What to produce:
Give back every line of the material below exactly, but no images.

Data extract:
----------------
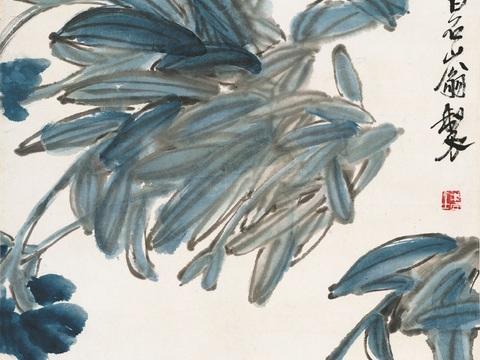 齐白石写意水墨画，近现代水墨画蝴蝶兰图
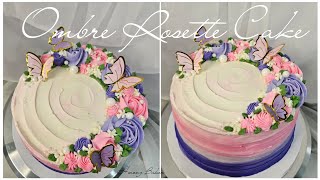 How To: Make an Easy Ombre Rosette Cake with butterflies Wealth
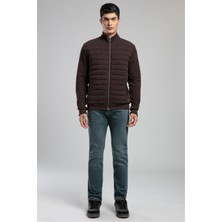Lee Cooper Rowena Erkek Dik Yaka Fermuarli Sweatshirt Acı Kahve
----------------
Written response:
 齐白石写意水墨画，近现代水墨画蝴蝶兰图
 How To: Make an Easy Ombre Rosette Cake with butterflies Wealth
Lee Cooper Rowena Erkek Dik Yaka Fermuarli Sweatshirt Acı Kahve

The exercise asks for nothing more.